Pakistani actress (born 1937)

Jamila Razzaq (born 1937) is a Pakistani actress. She is one of the most popular actresses of her time and was one of the most successful actress of 1950s and 1960s. She acted in Urdu films in Pakistani cinema and is known for her roles in the films Naya Dour (1958), Faisala (1959), Aur Bhi Gham Hayn (1960), Gul Bakavli (1961), Inqilab (1962) and Ishq Par Zor Nahin (1963).

== Early life ==
Razzaq was born in 1937 in Bombay at Maharashtra, British India. Her grandmother Fatma Begum was India's first female film director and her grandfather Nawab Sidi Ibrahim Muhammad Yakut Khan III was the ruler of the princely state of Sachin. Her aunts Zubeida and Shahzadi were popular leading actresses during the silent films era, and the former was the leading lady in India's first talkie film Alam Ara (1931).

Razzaq's mother Sultana was a popular actress and one of the earliest film actresses from India, and acted both in silent films and later in the talkies. Sultana moved to Pakistan after Partition in 1947 while her family stayed in India. She remained little active in the Pakistani cinema and produced only one film, Ham Ek Hayn (1961), and later married Seth Razzaq, owner of Adamjee Group of Companies from Karachi.

== Career ==
Razzaq used to perform classical dance and was performing it one day in a private function on her friend's request. At that event, she was spotted by film director Humayun Mirza who offered her a role in his next film, Intekhab (1955). She appeared in the film alongside Masood and Nayyar Sultana.

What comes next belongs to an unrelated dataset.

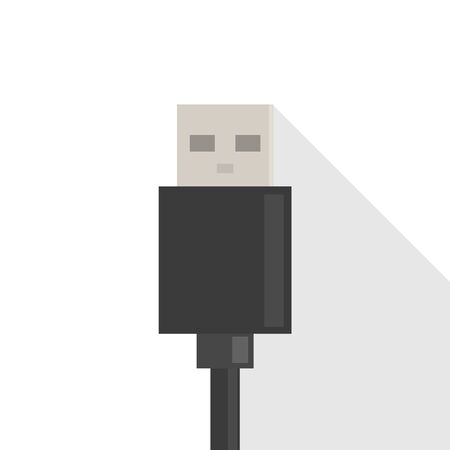 USB cable vector isolated. Equipment for connection with computer. Transfer data from the device. Electric connector.のイラスト素材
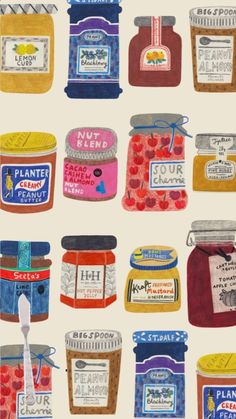 a painting of many different types of jams on a white background with blue and red tags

In 1956, she was cast in the lead role in Fankar alongside Khursheed Bano. The same year, film journalist and director Attaullah Hashmi was looking for a new actress for his film Naya Daur. He was impressed by her talent after seeing her performance in Intekhab and approached her for the film. She appeared in the film with Aslam Pervaiz, Neelo and Yousuf Khan. The film became a box office hit and Razzaq rose to prominence with this film.

In 1959, she played a lead role in Faisala alongside Shamim Ara, Lehri, Deeba and Yousuf Khan. The film was directed by Jafar Bukhari and was a hit film at the box office.

In 1960, she worked in Yeh Dunya with Agha Talish and Lehri which was directed by Nazir Sufi. The same year, she appeared in Aur Bhi Gham Hayn with Talish, Nirala and Lehri which was directed by A.H. Siddiqui. The same year, she was cast in Gul Bakavli, directed by Munshi Dil and starring Sudhir. It was the first film of Pakistani cinema with some scenes in color. The film was a hit at the box office and it further boosted her career.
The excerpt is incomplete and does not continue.